Tampa, Fla.—Education is supposed to be a recession proof industry—but tell that to the administrators at the University of South Florida.

To help fill huge holes in the state budget, Florida lawmakers slashed the school's budget. In response, the school plans to cut enrollment.

That's bad news for The Dinerstein Cos., which plans to start renting 723 new beds next year at Sterling South Florida, a student housing community under construction here.

But even if enrollment drops, the mid-rise buildings at Sterling are in a good place to compete, says partner Brian Dinerstein. With generous outdoor space, including two swimming pools, the new community is less than a third of a mile from the school's front gate. It will be the only new student housing located so close to campus, says Dinerstein.

“We're the first stop on the school's shuttle bus,” he adds.

The weak economy is hurting student housing, along with other types of real estate. In addition, with some schools cutting budgets and financing harder to find, that's pushed sale prices down for some properties. However, smart developers are using strong locations and solid management to compete and build for the future.

Strong demographics

Student housing has a “recessionproof” reputation because more people want to be students in a recession. “When times are bad, more people seek a college degree to improve their job prospects,” says Dorothy Jackman, associate vice president with Marcus & Millichap Real Estate Investment Services.

These students add to broader demographic trends that have added hundreds of thousands of students to universities in recent years as the echo boomers reach college age. In addition, these children of the baby boom generation are taking longer on average than their predecessors to graduate, so they need student housing for a longer period of time, says Jackman.

The weak economy won't stop these families from sending their children to college, experts say. “Education is one of the last things people give up,” says Kirk Preiss, chief operating officer for student housing developer The Preiss Co.

Even before the economy weakened, college enrollment was expected to grow 11 percent between 2003 and 2013, according to the National Center for Education Statistics.

As a result of strong demand, rents for student housing properties have been rising at a higher rate than at conventional apartments, according to the National Multi Housing Council.

Sales hold steady for the best properties

Investors have been paying close attention, and prices of stabilized student housing properties in the best locations and strongest markets have held steady, despite the weak economy, according to Jackman.

For example, in October, Wood Partners sold West 10, a 312-unit student housing property in Tallahassee, Fla., for $43.8 million at a cap rate of about 7 percent. The property was 98 percent occupied and is within a few miles of three different schools.

Student housing also looks relatively strong compared to typical apartment properties, which rely on job growth to stay full, experts say. It's no coincidence that some of the biggest real estate deals this year were for student housing. For example, American Campus Communities, Inc., paid $1.4 billion for 64 communities owned by GMH Communities Trust and a minority interest in eight more properties (see "Sitting Pretty").
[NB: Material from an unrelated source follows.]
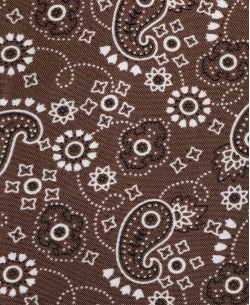 SLIM5039-03 Slim fit brown shirt PAISLEY prints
However, prices have dropped for student housing in weak locations and secondary markets. Capitalization rates, which represent the income from a property as a percentage of the sales price, for assets in locations more than a mile away from campus have swollen 100 to 150 basis points as prices fell over the last year, according to Jackman.

Lenders favor infill student housing

The weak economy has also made it more difficult to finance student housing. “There's not a lot of capital available—though there's more capital for student housing projects than for conventional apartments,” says Dinerstein. “We used to have a stable of 10 lenders. Now the firm only receives quotes from three or four.”

The few remaining banks often require construction loans larger than $30 million to be syndicated, which slows down the lending process, he says. Construction loans typically only cover 60 to 65 percent of the property's value, compared to the 75 percent financing easily available before the crisis.

For permanent financing, student housing investors that got used to highleverage conduit financing that covered as much as 90 percent of the value of a property are making do with loans that cover 65 percent or less, experts say.

With only a few lenders funding loans, financiers can afford to be picky. Like buyers, they favor communities with strong locations in strong markets. They also demand experienced managers that understand the student housing business, experts say.

Building near campus can be difficult and expensive, but it is well worth the trouble, says Dinerstein. The firm now develops two to four new student housing properties a year, all near major college campuses. Before the company turned to infill about five years ago, it built an average of six to eight student housing properties a year, all typically a mile or more from campus.

Its infill properties average 280 units with 760 beds and cost an average of $60 million to develop, nearly twice what the firm paid to develop further from campus.

But the high development cost has paid off for Dinerstein almost from the beginning: In 2005, Sterling West Campus in Austin, Texas, one of its first infill properties, sold for $319,000 per unit. That was the highest price ever paid for apartments in Texas, says Dinerstein.

The cloudy economic forecast has made at least one part of infill development easier as more prime sites come on the market. For example, before Dinerstein bought it in 2008, the land under Sterling South Florida was owned by a failed condominium converter.